Jessica Biel and Elizabeth Banks star as estranged sisters caught up in the middle of a twisted whodunnit on their new Prime Video series, The Better Sister, based on the thriller book of the same name. On the series, the pair are forced to work together to discover who killed Biel's on-screen husband, played by Corey Stoll.
It's a position only one of the two leads told TooFab they would thrive in off-screen.
"I think my brother and I would fail miserably. We'd be in jail immediately," joked Biel when asked whether she and her real-life siblings could solve a murder mystery. "We would not. No, it's like two Pisces scrambling around trying to figure it out. We'd just be like, 'We did it. I don't know what happened.' We wouldn't fare very well, I don't think."
"We would have figured out somebody else to blame ... there'd be no issues in my family," Banks then answered, making it sound like her siblings would be better at covering up a murder than solving one.
"We all know our roles. We play them well," she continued. "I would pay for everything to happen. I have a sister who's the organizer who would like get it all done. My brother's the big guy. He's like, he's the muscle. I have another sister, who's like the distraction and we would have it down."
"We're criminals ... so it helps," she joked.

Also starring on the show are Bobby Naderi and Kim Dickens, the latter of whom is returning to on-screen detective work following her outing in Gone Girl. She and Naderi play partners investigating the murder in the series.
"Terrible. I'm terrible. I'm always terrible at any procedural or anything," Dickens told TooFab of her own mystery-solving skills. "This is certainly not a procedural, but I'm just like kind of the best audience member."
"I thought I knew, and I was totally wrong every time," added Naderi. "Until the very end, then I figured it out."
Getting back into her detective shoes is something Dickens admitted she was "a little concerned" about at first, thinking the character might be too close to the one she played opposite Ben Affleck.
"I was like, 'Oh, is it like Boney?' But I think she's so different. She's less dry.
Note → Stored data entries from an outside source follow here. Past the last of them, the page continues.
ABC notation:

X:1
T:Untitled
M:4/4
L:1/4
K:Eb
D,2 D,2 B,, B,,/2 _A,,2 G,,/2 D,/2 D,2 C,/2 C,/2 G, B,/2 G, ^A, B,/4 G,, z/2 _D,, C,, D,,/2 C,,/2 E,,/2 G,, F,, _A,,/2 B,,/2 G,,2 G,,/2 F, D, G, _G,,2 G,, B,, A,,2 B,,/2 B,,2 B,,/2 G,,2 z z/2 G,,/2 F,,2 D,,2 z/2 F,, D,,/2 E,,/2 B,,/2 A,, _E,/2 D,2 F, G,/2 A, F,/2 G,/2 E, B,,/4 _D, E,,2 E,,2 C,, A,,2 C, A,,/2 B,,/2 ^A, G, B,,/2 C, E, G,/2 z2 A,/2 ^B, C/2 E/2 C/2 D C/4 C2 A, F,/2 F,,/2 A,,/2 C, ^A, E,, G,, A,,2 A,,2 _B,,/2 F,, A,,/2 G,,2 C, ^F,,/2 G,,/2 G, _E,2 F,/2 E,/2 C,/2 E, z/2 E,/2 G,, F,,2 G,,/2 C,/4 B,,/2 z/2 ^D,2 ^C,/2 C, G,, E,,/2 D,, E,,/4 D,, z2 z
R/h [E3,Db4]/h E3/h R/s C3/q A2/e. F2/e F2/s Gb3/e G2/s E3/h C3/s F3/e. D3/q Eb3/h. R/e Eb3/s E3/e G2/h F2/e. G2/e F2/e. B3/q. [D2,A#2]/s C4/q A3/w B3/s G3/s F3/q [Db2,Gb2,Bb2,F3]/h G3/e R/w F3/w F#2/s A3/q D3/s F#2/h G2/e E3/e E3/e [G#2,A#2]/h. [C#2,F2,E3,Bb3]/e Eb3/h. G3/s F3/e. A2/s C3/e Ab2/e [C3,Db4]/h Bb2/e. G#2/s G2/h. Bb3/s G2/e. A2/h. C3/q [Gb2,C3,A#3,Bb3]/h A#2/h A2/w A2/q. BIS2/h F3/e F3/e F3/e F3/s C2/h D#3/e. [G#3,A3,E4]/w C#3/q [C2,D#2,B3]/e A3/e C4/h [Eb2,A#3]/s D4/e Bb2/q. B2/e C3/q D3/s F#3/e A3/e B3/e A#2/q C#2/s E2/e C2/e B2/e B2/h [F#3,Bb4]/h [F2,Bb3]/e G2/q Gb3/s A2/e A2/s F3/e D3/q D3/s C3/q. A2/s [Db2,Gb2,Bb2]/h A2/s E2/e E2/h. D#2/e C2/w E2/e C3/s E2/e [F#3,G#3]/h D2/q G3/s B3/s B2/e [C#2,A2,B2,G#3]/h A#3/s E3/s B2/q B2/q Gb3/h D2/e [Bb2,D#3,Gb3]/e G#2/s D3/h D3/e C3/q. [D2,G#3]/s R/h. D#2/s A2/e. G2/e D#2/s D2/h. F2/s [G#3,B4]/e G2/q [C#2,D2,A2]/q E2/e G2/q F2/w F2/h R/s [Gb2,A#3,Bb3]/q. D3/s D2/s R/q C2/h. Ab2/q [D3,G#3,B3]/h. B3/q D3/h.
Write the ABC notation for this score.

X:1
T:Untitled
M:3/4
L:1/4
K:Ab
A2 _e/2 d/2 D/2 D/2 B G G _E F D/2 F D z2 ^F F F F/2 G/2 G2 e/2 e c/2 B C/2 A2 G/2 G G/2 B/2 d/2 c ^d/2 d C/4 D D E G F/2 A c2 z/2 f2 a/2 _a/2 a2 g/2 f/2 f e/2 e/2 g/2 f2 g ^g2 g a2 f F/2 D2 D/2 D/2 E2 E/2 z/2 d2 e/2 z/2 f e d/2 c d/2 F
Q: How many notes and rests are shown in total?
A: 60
She's really reckless and a little bit messy at times and just fun," Dickens continued. "I mean, I loved working with Gillian Flynn and her novel, but to be back in the saddle with [showrunners] Olivia Milch and Regina Corrado, who are my old Deadwood comrades, it was a dream scenario."

As for Lorraine Toussaint and the aforementioned Stoll -- aka Biel's dead on-screen husband -- they, too, were split when it comes to their investigative abilities.
"I would be terrible," Toussaint said of solving a real-life crime herself, before admitting she also had no idea how the central mystery of the show was going to unravel until she finished reading both the script and book.
"I was turning pages, going, 'Oh my,'" she shared. "I read the book first because, yeah, I was turning pages going, 'Oh my God, oh my God,' and then I thought I knew it."
"I thought I knew it at least twice in the reading and was wrong both times," she added with a laugh.
While Stoll thought he and his brother "might be a good pair" at crime-fighting, he said he "couldn't guess" how The Better Sister would end either. "But as soon as I knew who it was, it made total sense and it was obvious," he added.
See if you can figure it out for yourself when all eight episodes of The Better Sister drop Thursday, May 29 on Prime Video.